奥村昭博氏著の『企業イノベーションへの挑戦』という書籍でのキーコンセプトは「創造的組織」です。創造性を発揮し、イノベーションを起こす企業が成長を達成できるのです。

イノベーションこそが、物的資源もなく、国土も狭い、しかも良質で豊富な人間という資源しかもたない日本の生き残り戦略です(19頁参照)。イノベーションは、国家・産業・企業のいずれにとっても最大の戦略要因となります(20頁参照)。日本の企業がイノベーションを企業戦略の中核に据えれば据えるほど、次の三つの点に多大な配慮を払わなくてはならなくなります。まず第一が、いかに数少ない「天才」を組織の中でその能力を発揮させるかです。第二には、その天才とともに活動する一般の人々を、いかにイノベーションに向けた活動へと組織化するかであり、第三には、こうした人々にどのようにモラールを与えつづけ、情熱を引き出すかです。日本企業のイノベーション戦略の成否は、この三つの点のマネジメントいかんであると言えます(22頁参照)。

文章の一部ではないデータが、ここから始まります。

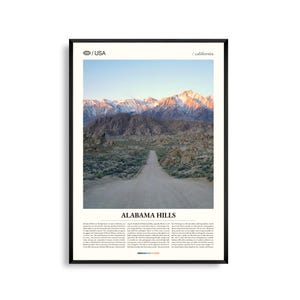 Impression Alabama Hills en Californie, art mural Alabama Hills, affiche Alabama Hills, photo Alabama Hills, Mobius Arch, Movie Road, Lathe Arch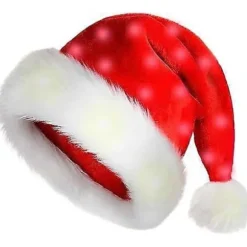LED Hat sjov hat Plys Julemandshat Lysende Sjove Hatte til Børn Voksne Indbyggede Lys Rød Julemandshat Klassisk Cosplay Hat, Hat til Voksne, Børn
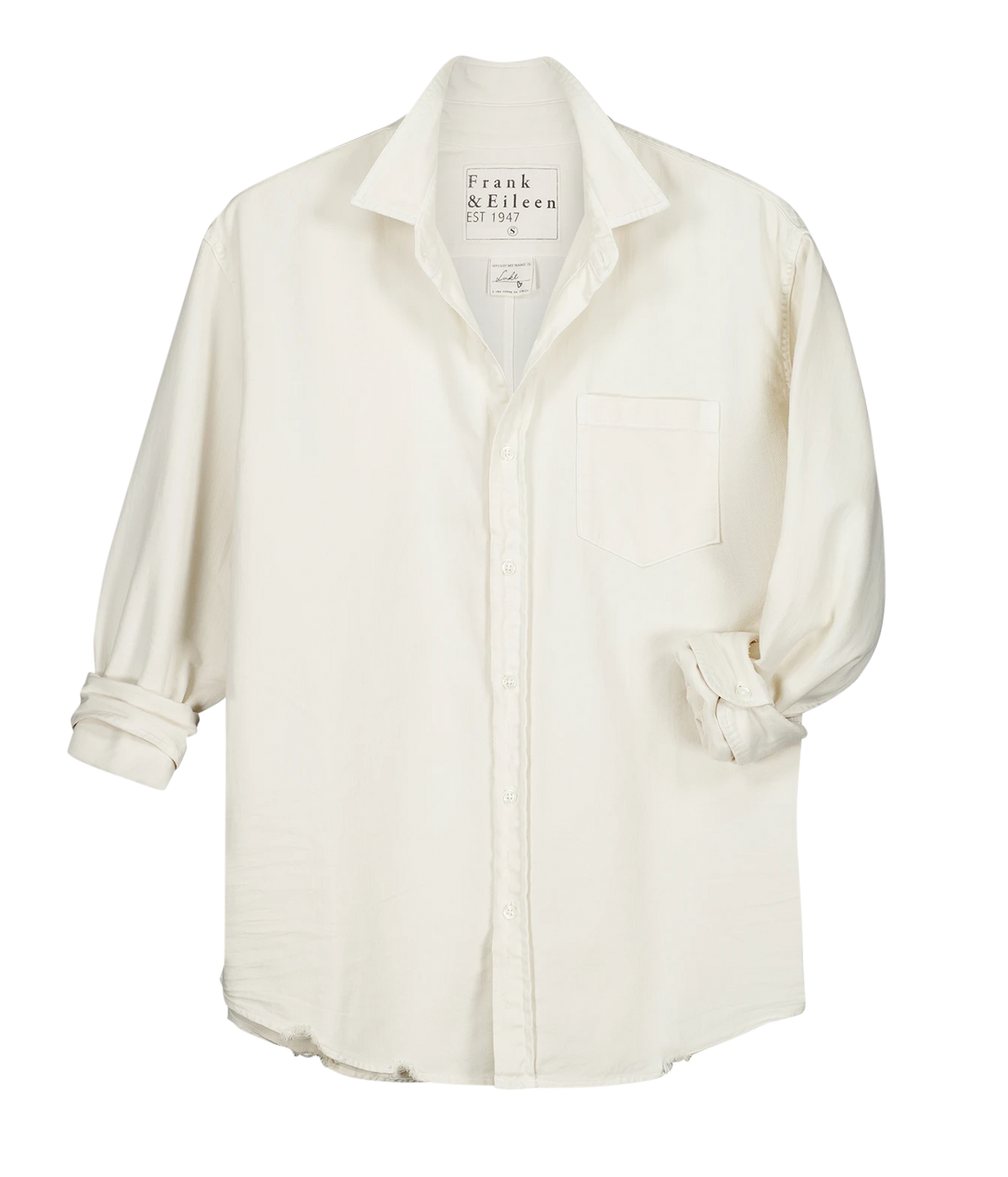 An off-white long-sleeve button-down shirt by Frank & Felicia, featuring a chest pocket and rolled cuffs, displayed flat against a white background.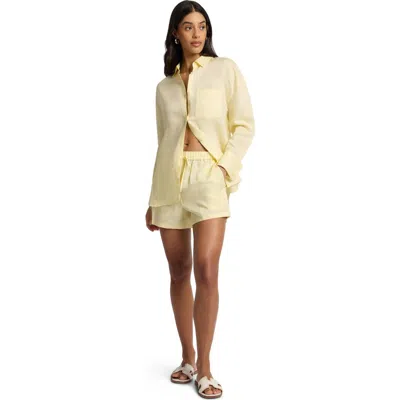Onia Air Linen Elastic Drawstring Short In Yellow
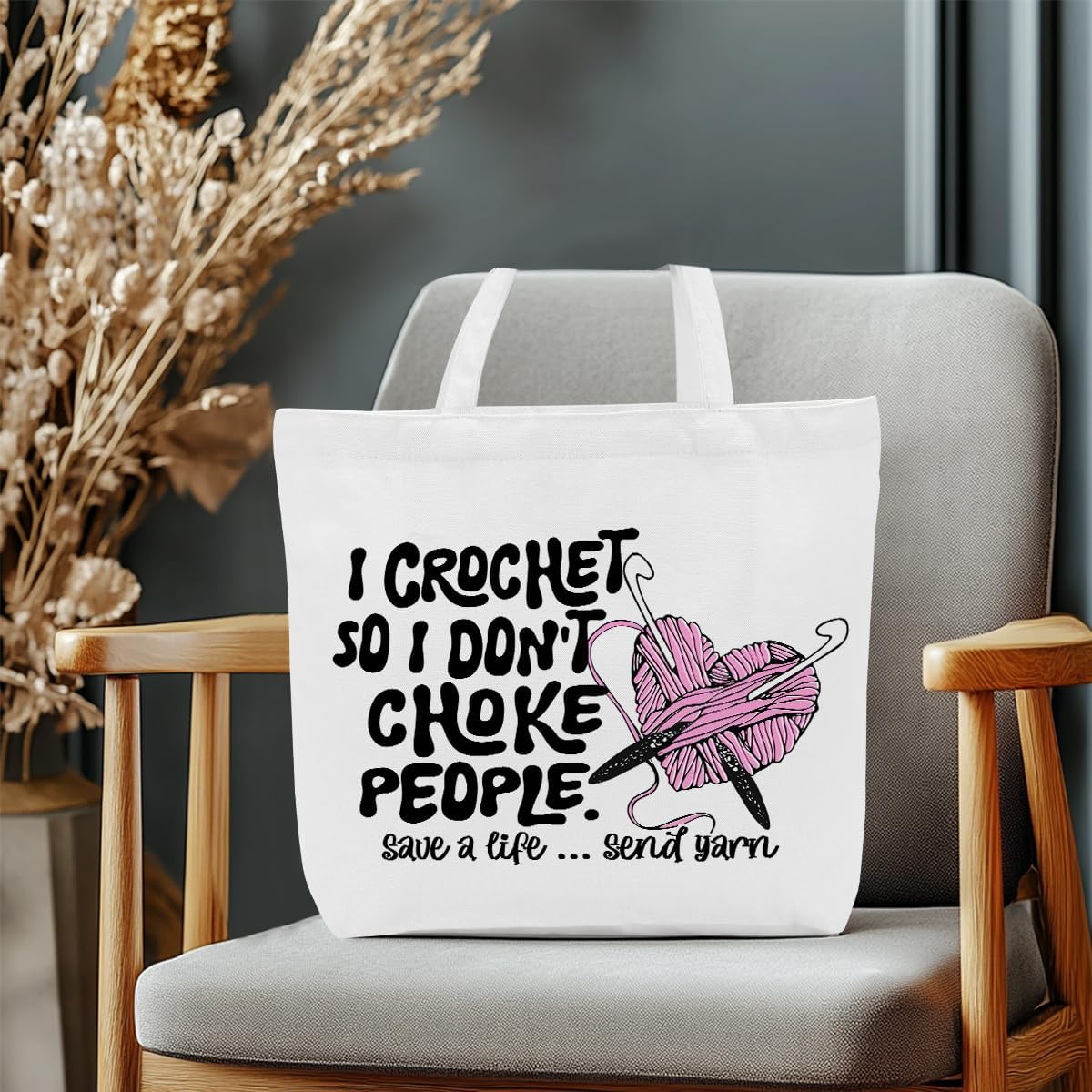 Crochet Knitting Humor Yarn Gifts Canvas Tote Bag, Reusable Grocery Shopping Bags for Crocheters Christmas - Image 5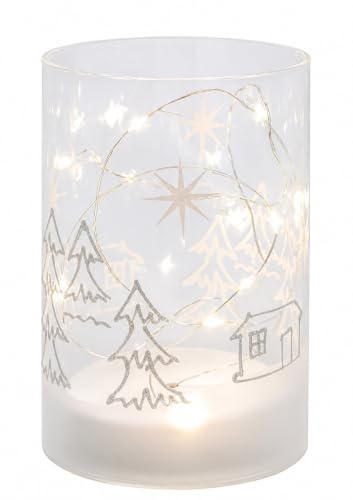 Miss Lovely Windlicht LED LED-Glas WINTERWALD in weiß & silber Glitzer Deko-Figur Weihnachts-Deko beleuchtet Advent Winter Weihnachten Lichterkette leuchtende Weihnachts-Dekoration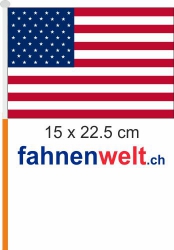 USA Fahne / Flagge am Stab  Pack à 4 Stück | 15 x 22.5 cm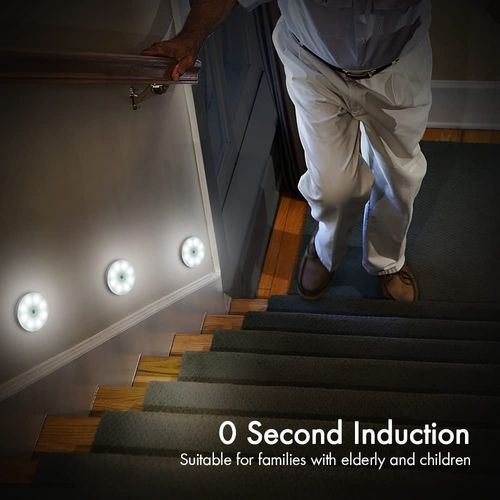 Motion Sensor Lights Indoor Rechargeable Wireless Wall Light 3 White, White — image 3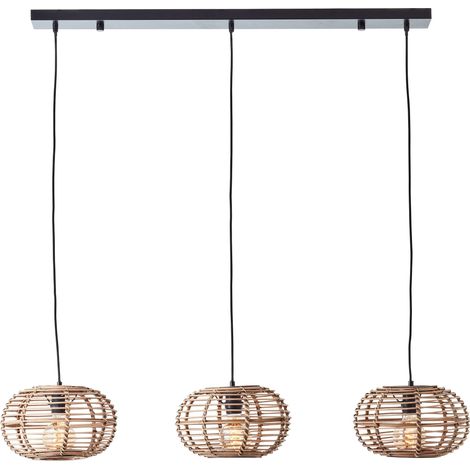 Brilliant Lampe Woodball Pendelleuchte 3flg schwarz matt/bambus Aluminium braun 3x A60, E27, 40 W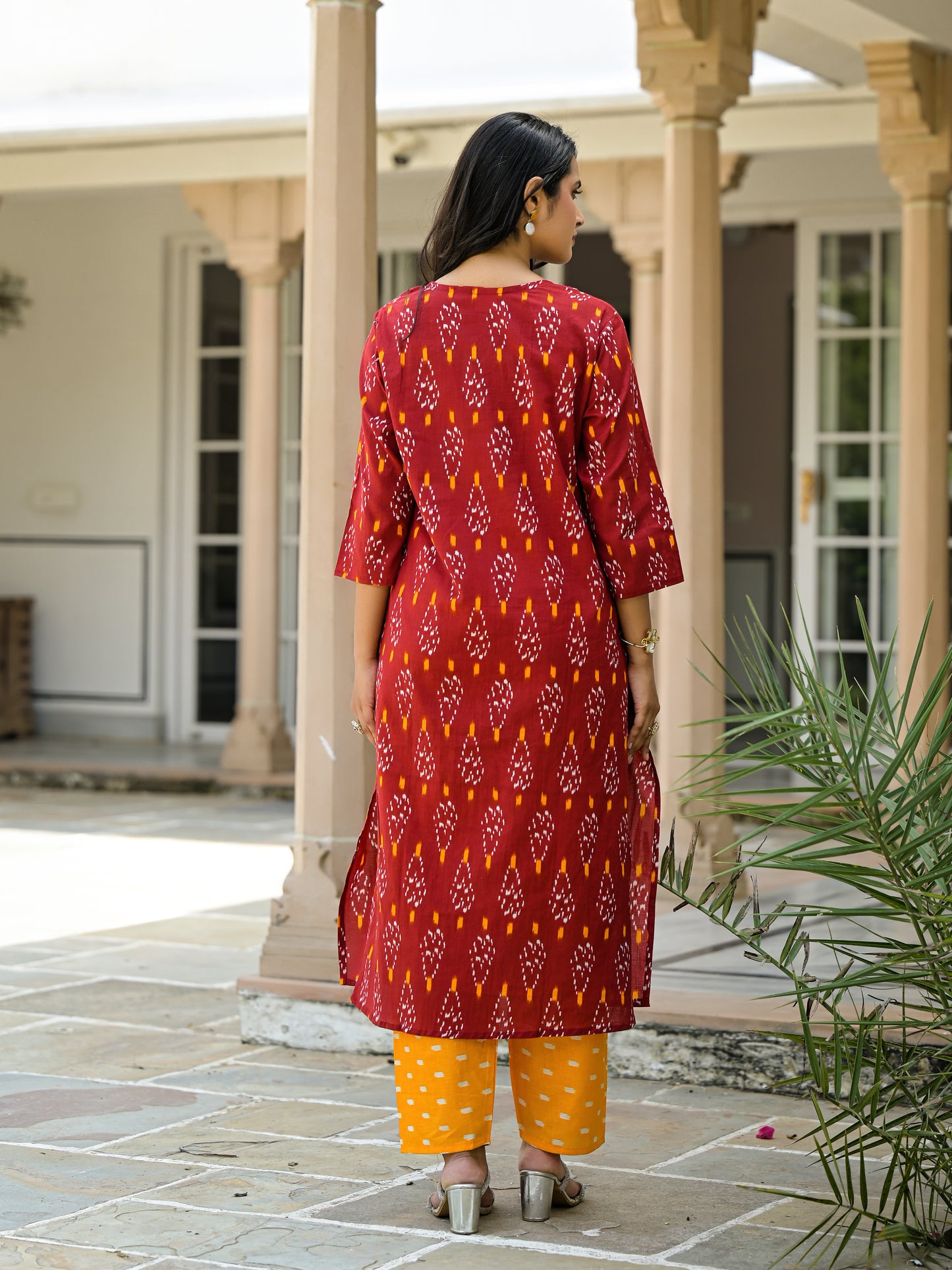 Pure cotton maroon printed kurti pant dupatta set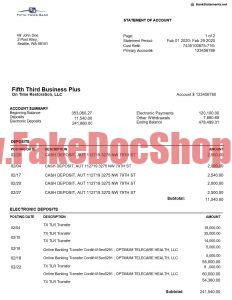 Fifth Third Bank Statement New Template - Fakedocshop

「企業イノベーション」とは、企業経営の中に革新を起こすことで、企業がその革新の過程から様々な学習を行い、次第にイノベーションが遂行できる企業となってゆく過程を示しています。つまり、「革新は革新を呼ぶ」という現象を言います。カンター氏はこれを「イノベーション創出のための革新」と称していました。企業イノベーションの特徴は、企業のもつ認識マップを書き変えることにあります。認識マップとは、その企業の成員が共有している世界観、価値、意味のことで、これを革新行動によって視点転換させるのです。この視点転換が起こって始めて企業の相転移が可能となるのです。第二には、革新の連鎖と累積があります。革新は革新を呼び、さらに次の革新へと繋がっていきます。この累積こそが企業進化のエッセンスです(46頁参照)。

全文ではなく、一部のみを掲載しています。